Scrappy, raw, and quaintly unpretentious, Mary Jane’s Not a Virgin Anymore surveys the punk universe of a small midwestern town with none of the usual shock-value affectations. Made for a song, it proves itself the persistent train that could.
Suburban Jane, the archetypical schoolgirl nerd, desperately wants to be as hip and worldly as her older movie theater coworkers. But without a body manipulation, dreaded lock, or sexual conquest to her name, she is perpetually dismissed as plain little Mary Jane by the cooler than thou. When Jane is unceremoniously deflowered and promptly discarded by the town’s most infamous asshole, the motley group of workers rallies to her side. Jane arises with a new sense of self and firm grasp on her sexuality.

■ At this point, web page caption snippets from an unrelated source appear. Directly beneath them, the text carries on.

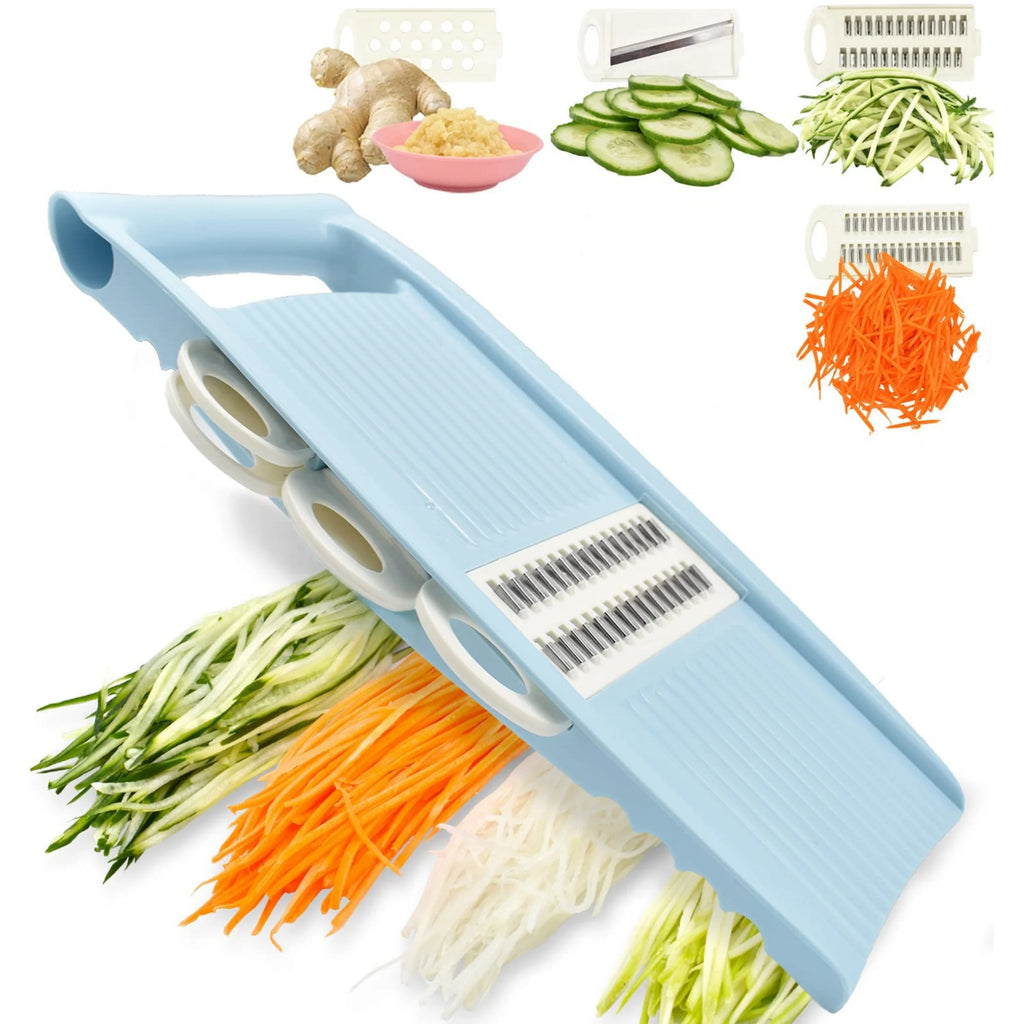 Cortador MasterChef 5 em 1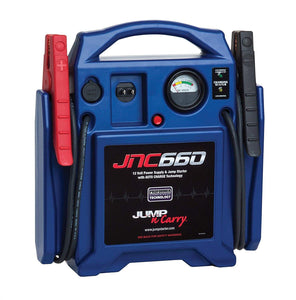 Clore Automotive Jump-N-Carry JNC660 1700 Peak Amp 12V Jump Starter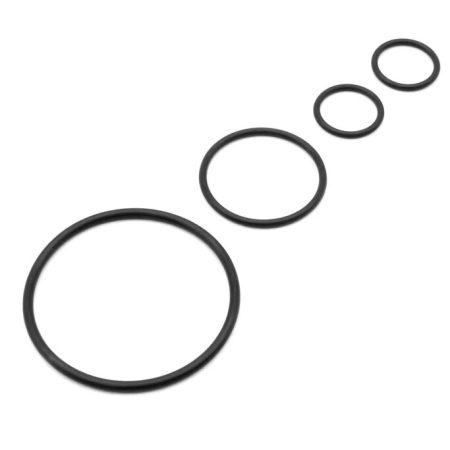 MMX Oil Filter & Billet Housing Cap O-Ring Service Kit for BMW Vehicles (with B57 / B58 engines) [MMR17-0000]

With a hot indie score and disarming performance by Lisa Gerstein, writer/director/producer/editor and cinematographer Sarah Jacobson’s sassy debut is a sheer delight.
Sarah Jacobson (August 25, 1971, Norwalk, Connecticut – February 13, 2004 New York City) was an independent filmmaker, writing, producing, and filming her own movies.
After studying with George Kuchar, Jacobson began making her first film while in her early twenties. Jacobson’s two major releases were I Was a Teenage Serial Killer and Mary Jane’s Not a Virgin Anymore. Both were well-received at film festivals across North America, such as the New York Underground Film Festival, the Chicago Underground Film Festival and Sundance. I Was a Teenage Serial Killer featured songs by Heavens to Betsy. She was listed in Spin Magazine as one of the “Top Influences on Girl Culture”. Also outspoken in their praise were film critic Roger Ebert, filmmaker Allison Anders and Kim Gordon of Sonic Youth. Ed Halter, writing in the Village Voice, considered I Was A Teenage Serial Killer,“…a key film of that decade’s angrily subversive underground cinema.”